Wenn wir diesen Betrag durch die mutmaßliche Bevölkerungszahl in der Bundesrepublik teilen, ergibt sich, dass Jede und Jeder in Deutschland durchschnittlich etwas über 60.000 Euro an Geldwerten sein Eigen nennen kann, zum Beispiel jeweils gute 20.000 Euro auf dem Konto, in Aktien und über die Lebensversicherung. Aber was haben diese Werte mit den wirklichen Lebensverhältnissen in Deutschland zu tun? Ist es wirklich die Breite der Bevölkerung, die es sich leisten kann, mal eben eine Eigentumswohnung einfach „beiseite“ zu legen? Unter meinen Bekannten und auch in der engsten Familie fällt mir niemand ein, der über solche Beträge verfügen würde, im Gegenteil. Und auch ich selbst (wenn auch noch Student) spiele mit meiner Sammlung von zwei Dutzend Silbermünzen und einem Anteil bei der Wohngenossenschaft in einer anderen Klasse ‒ „außer Konkurrenz“
Was die Bundesbank nicht sagen muss, hat die Presse, die komplexe Sachverhalte für die Leserschaft verständlich und zugänglich machen soll, einfach eiskalt verschwiegen – nämlich, wem dieses viele Geld eigentlich gehört: Es ist nicht die Mehrheit der Leserschaft dieses Blogs, sondern vielmehr eine dünne Schicht von wirtschaftlich Bemächtigten, die in den gegenwärtigen Verhältnissen Kontakte, Erbe oder Glück gehabt haben.

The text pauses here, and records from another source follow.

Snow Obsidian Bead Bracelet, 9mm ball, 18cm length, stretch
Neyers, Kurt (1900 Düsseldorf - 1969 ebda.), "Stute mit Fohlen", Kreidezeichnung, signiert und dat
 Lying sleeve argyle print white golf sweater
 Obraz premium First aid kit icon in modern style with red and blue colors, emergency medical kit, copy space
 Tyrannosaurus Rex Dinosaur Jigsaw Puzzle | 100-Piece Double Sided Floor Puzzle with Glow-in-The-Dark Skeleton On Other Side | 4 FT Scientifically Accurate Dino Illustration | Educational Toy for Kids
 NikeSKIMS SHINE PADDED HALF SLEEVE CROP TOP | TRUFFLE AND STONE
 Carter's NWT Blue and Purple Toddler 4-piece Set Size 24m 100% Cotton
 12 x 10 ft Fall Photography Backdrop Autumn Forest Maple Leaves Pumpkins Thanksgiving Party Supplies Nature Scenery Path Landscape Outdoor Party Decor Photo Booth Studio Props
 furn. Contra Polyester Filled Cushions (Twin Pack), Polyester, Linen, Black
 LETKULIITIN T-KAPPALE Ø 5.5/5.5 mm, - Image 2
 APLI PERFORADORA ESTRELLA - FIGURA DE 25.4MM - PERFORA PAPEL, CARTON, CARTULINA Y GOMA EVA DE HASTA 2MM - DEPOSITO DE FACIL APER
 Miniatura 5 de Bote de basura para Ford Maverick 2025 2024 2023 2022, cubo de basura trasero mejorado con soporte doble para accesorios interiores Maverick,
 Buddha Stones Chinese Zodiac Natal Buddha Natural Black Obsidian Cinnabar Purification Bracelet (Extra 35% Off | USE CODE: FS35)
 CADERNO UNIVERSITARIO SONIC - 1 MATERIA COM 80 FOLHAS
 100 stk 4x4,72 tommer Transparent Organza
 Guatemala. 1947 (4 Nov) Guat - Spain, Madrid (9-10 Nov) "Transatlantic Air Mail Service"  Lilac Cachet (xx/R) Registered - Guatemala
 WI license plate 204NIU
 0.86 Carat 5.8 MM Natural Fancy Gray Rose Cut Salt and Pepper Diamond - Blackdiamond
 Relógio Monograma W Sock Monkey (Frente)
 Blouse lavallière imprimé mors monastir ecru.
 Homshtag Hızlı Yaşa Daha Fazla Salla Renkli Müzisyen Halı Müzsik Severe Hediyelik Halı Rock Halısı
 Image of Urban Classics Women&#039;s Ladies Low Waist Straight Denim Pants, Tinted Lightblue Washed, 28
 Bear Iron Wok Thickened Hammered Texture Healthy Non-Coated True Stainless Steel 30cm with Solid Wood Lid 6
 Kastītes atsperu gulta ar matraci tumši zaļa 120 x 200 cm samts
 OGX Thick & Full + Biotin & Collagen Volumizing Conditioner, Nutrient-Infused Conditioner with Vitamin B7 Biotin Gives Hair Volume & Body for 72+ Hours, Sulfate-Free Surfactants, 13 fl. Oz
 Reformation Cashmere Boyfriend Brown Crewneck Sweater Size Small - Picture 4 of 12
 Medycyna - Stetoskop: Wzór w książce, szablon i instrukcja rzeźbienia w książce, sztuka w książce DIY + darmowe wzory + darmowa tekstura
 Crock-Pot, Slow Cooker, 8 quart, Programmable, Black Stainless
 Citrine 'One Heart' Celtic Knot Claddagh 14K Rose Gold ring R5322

Zur Wahrheit gehört, dass in Deutschland fast zwei Drittel der Vermögen in den Händen des reichsten Zehntels liegt, während gut die Hälfte der Bundesbürger so gut wie überhaupt nichts und das ärmste Zehntel sogar noch weniger als nichts besitzt. Es ist die gleiche Wahrheit, die die Bundesregierung in ihrem letzten Armutsbericht auf den letzten Seiten versteckt hat ‒ denn diese Wahrheit ist vielmehr ein Armutsbericht für die Menschen, die diese Zustände durch mörderische Politik unterstützen oder sie zumindest nicht aktiv bekämpfen.
So geht es in dieser Statistik nicht um die Menschen, die in diesem Land leben, sondern um eine anonyme Masse von Staatsbürgern, von der man nur in Durchschnitten rechnen möchte. Vor allem schützt diese Weise des Schönredens eine herrschende Klasse von Reichen – indem sie den Durchschnitt nach oben verzerren, steht ihre Ideologie selbst als das Erfolgsrezept Deutschlands da. Wer wirklich etwas über die Gründe der „Konjunkturflaute“ in Deutschland (und auch im restlichen Europa und auf der gesamten Welt) erfahren will, sollte seine Untersuchungen differenzierter anstellen und die Ideologie lieber zuhause lassen. Was also eine solche abstrakte Zahl in den Nachrichten der für die breite Bevölkerung bestimmten Tageszeitungen zu suchen hat, bleibt ein Rätsel: Sie hat keinen Neuigkeitswert, ist für den Großteil der Leserschaft uninteressant und wenn überhaupt für die Fiskalpolitik relevant. Über das Leben der Menschen in Deutschland sagt sie nicht das Geringste.